本発明は電子顕微鏡、および電子顕微鏡を用いた試料観察法に関する。
ローレンツ顕微鏡法に代表される電子線の偏向状況の可視化手法は、磁性材料の磁化分布の観察など、非生物系の試料における物性情報の観察手法の1つとして広く実施されている。ローレンツ法は、その名称のとおり、磁性材料中を透過する電子線が試料の磁化によりローレンツ力を受けて偏向される様子を観察する手法として開発された。大別して、フーコー法とフレネル法の2つの手法がある。以下、180度反転磁区構造を有する磁性材料観察を例に、それぞれの手法を説明する。
<フレネル法>
図1は180度反転磁区構造を有する磁性試料で電子線が偏向を受ける様子を示したものである。電子線が偏向される角度は、磁化の大きさと試料の厚さに依存する。したがって、厚さが一定で磁化が均一な試料の場合、電子線の受ける偏向は、どの領域でも角度が同じで磁区構造に伴って方位が異なることになる。
図1に示すごとく、180度反転磁区構造を有する試料3に電子線27が入射すると、試料3を透過した電子線27は、それぞれの磁区(31、33)で逆方向に偏向を受ける。偏向を受けた電子線27は、試料下方に十分な距離だけ伝播すると、投影面24上において、180度磁壁32に該当する位置で互いに重なりあう状況と、逆に互いに離れる状況が発生する。この投影面24上での電子線の強度の粗密を結像するのがフレネル法である。図1の下部に投影面上での電子線の強度分布のグラフ25を例示する。

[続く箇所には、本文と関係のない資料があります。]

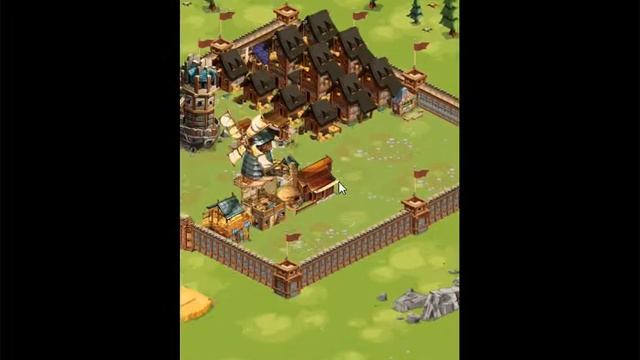 Goodgame Empire. Секрет/Совет/ №3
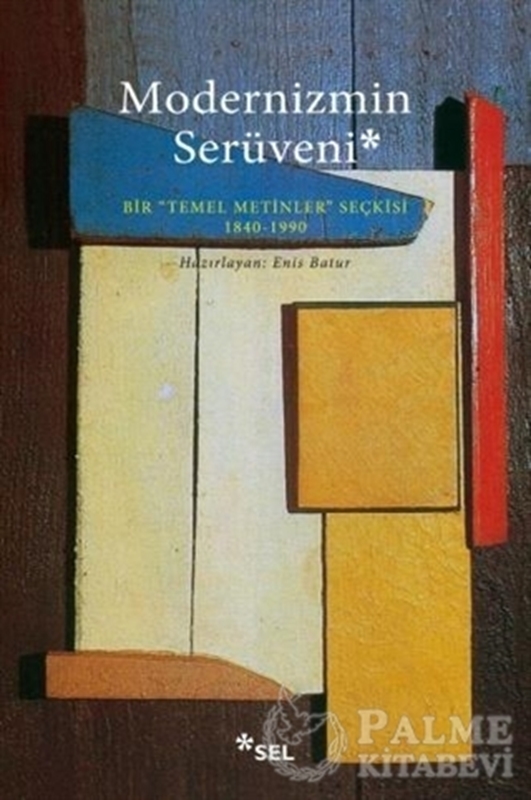 resm Modernizmin Serüveni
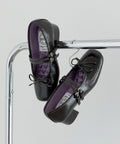 韓國 Rockfish Square Toe Two Strap Mj (4Cm)【RH011】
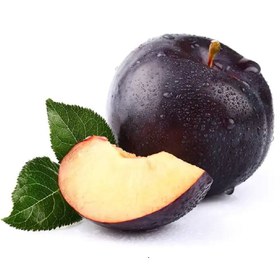 تصویر آلو سیاه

図2はフレネル法で磁性試料を観察する際の光学系の模式図である。図2の下部には、フレネル像を例示する。図2(a)は、試料ではなく試料下側の空間位置35にフォーカスを合わせて観察する様子を示したもので、ちょうど磁壁32の部分が明線(白色)または暗線(黒色)のコントラスト72で観察される。

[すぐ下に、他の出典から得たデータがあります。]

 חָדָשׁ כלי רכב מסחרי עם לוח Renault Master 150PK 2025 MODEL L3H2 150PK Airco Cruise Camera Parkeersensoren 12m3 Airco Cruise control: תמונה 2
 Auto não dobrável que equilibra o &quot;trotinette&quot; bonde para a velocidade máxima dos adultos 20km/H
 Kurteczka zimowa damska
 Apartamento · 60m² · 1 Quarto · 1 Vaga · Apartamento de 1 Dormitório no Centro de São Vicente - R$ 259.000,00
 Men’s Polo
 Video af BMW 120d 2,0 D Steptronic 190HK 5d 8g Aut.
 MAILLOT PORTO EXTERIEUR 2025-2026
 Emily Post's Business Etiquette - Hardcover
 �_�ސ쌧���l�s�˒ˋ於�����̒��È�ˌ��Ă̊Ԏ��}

同様に図2(b)に示すごとく試料上側の空間位置36にフォーカスを合わせても磁壁32の部分が逆のコントラスト72で観察される。すなわち、試料にとってはフォーカスをはずして観察することによって、電子線へ偏向を与える領域の境界線が明線(白色)または暗線(黒色)で観察される。磁性材料で言うならば、フレネル法は磁壁を観察する手法である。このときのフレネル像の境界線の白黒コントラストは、偏向方向の組み合わせとフォーカスの位置に依存する。

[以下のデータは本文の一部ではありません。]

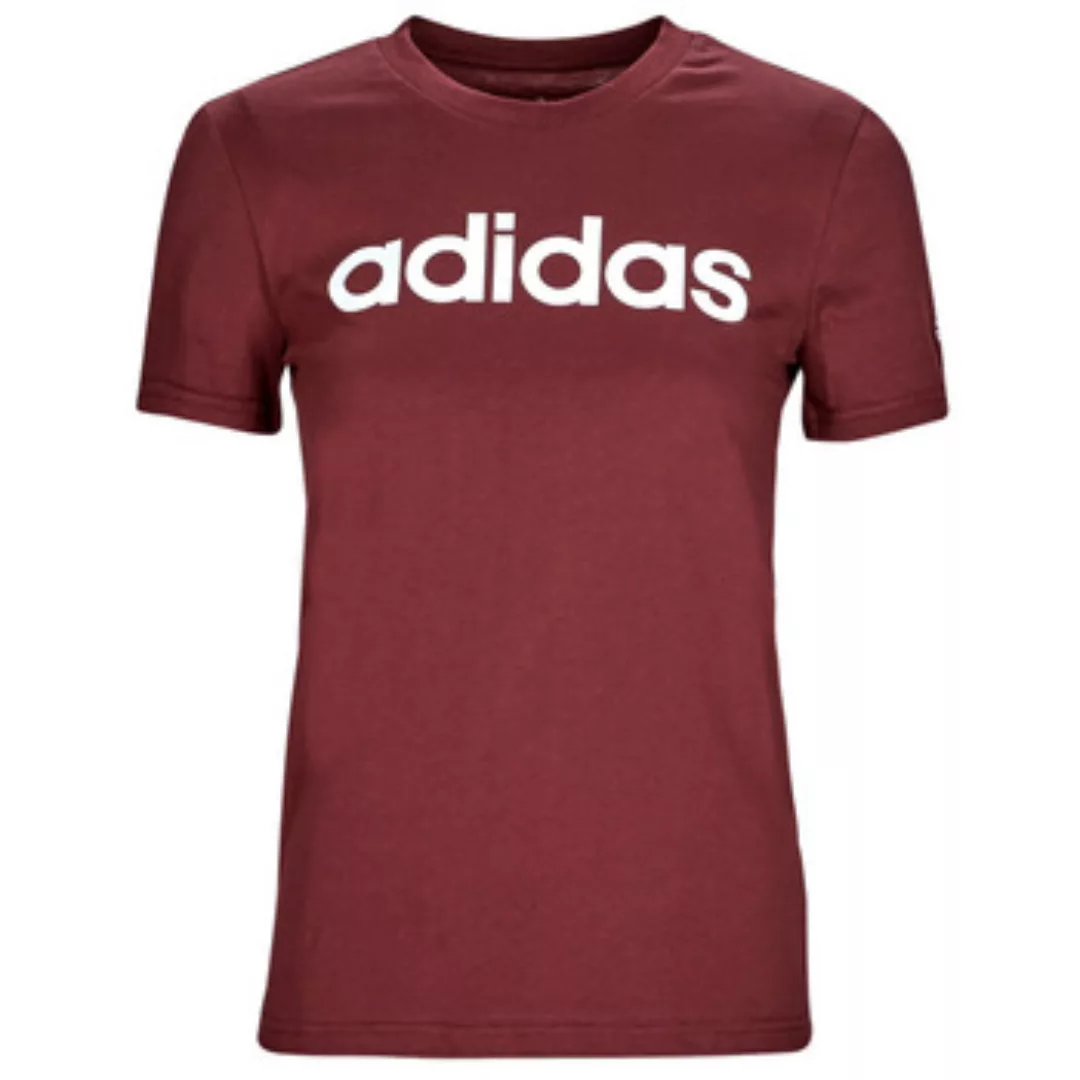 adidas  T-Shirt LIN T günstig online kaufen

また、フォーカスをはずす量(デフォーカス量)は、電子線が受ける偏向の大きさに依存し、大きく偏向される場合には数百nm程度の小さなデフォーカス量で十分なコントラストが得られるが、例えば磁束量子の様に小さな偏向しか与えない観察対象の場合には、数百mmものデフォーカス量が必要である。
<フーコー法>
図3は、フーコー法による磁区構造観察の光学系である。図1と同様に180度反転磁区構造を有する試料3を透過した電子線は、それぞれの磁区(31、33)で互いに逆方向に偏向を受け、その方向に偏向を受けた電子線は、例えば対物レンズ5の後焦点面54(厳密には照射電子線の光源の像面)で、その偏向角度に応じた位置にスポット(11、13)を結ぶ。そこで、対物絞り55を挿入し、観察したい磁区からの電子線のみを選択し像面7上に結像させる。
例えば図3(a)では、磁区31を透過し、紙面上左方向に偏向された電子線を選択した例であり、図3(b)は逆に、磁区33を透過し、紙面上右方向に偏向された電子線を選択した例である。いずれにしても、選択された磁区が白色、選択されなかった磁区が黒色(電子線が来ない)で観察され、磁区構造(31、33)がストライプ状(71、73)のフーコー像として可視化される。磁性材料で言うならば、フーコー法は磁区を観察する手法である。
フーコー法ではインフォーカスで試料像が観察されるため高分解能観察が期待されるが、例えば、磁性材料などの場合、電子線の偏向角度は結晶性試料によるブラッグ角の1/10程度と小さいため、孔径の小さな対物絞りを使用しなければならず、得られる空間分解能は格子分解能の1/10倍程度となり、フレネル法と大きな違いはない。さらに、磁区構造観察のためのコントラストの成因は、観察しない磁区を透過した電子線の遮蔽によるものであり、一部の情報を捨てることによってコントラストを得る手法であった。
そのため、例えば、結晶粒界などの様に複数の磁区に渡った対象を観察する場合には、対物絞りを調整し直して、逆コントラストのフーコー像を別途観察するか、対物絞りを光軸から外して通常の電子顕微鏡像を合わせて観察しておく必要があった。すなわち、複数回の観察が必要で、動的観察、実時間観察などは、ほぼ不可能であった。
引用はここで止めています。